Slawrys


śmierć a sumienie!


Wśród organizatorów systemu jest wielu złodziei życia ... miałem spotkanie w 1985 roku z pewnym plebanem ... organizował mi misje religijną z zemsty i kazał mi uciec z kliniki jak mi zaprponują operacje kręgów ... jego ludzie i poplecznicy wiele lat mną manipulowali; intryga
trwa po dziś dzień. (moje z nim spotkanie opisałem w "sutenrzy z bożej łaski")  
Zgłaszanie na policji i w sądzie nie dały skutku; musi być tak jak stare
zboki zaplanowały.

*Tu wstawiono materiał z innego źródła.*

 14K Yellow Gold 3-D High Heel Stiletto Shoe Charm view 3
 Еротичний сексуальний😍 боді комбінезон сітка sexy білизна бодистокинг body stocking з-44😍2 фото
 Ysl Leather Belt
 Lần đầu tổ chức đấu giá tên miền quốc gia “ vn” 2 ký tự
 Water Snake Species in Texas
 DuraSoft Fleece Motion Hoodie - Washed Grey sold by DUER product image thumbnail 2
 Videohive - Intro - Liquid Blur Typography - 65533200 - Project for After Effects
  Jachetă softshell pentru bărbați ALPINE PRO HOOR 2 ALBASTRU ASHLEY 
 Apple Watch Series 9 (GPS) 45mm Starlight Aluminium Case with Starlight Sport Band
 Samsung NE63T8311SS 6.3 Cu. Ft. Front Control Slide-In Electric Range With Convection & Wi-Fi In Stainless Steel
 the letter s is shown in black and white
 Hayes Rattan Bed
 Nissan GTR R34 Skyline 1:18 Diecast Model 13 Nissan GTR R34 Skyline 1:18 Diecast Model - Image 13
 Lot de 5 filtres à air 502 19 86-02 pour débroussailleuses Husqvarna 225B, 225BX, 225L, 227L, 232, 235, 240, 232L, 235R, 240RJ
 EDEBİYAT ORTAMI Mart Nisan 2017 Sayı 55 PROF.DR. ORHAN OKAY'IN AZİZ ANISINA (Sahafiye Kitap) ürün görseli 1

Miałem nadzieję że sumienie oprawców rusza
gdy umierają ... i prawda o zbokach i ich intrydze wyjdzie na jaw.
Niestety, podobno niedawno zmarł ten pleban ... nie ruszło go sumienie i tak pewnie jak reszta sekty uważa że nie czyni swoimi intrygami krzywdy.
Trudno przecierpie kolejne dni ... wczoraj miałem rocznice operacji kręgosłupa. Faktycznie sekta ma wpływy i możliwości okradać z życia
i uniemożliwać życie i leczenie prawidłowe.
Choć tyle, ja umrę szczęśliwy ... mam nadzieje żę tacy jak ten pleban żalują że umierają, ale to ich system.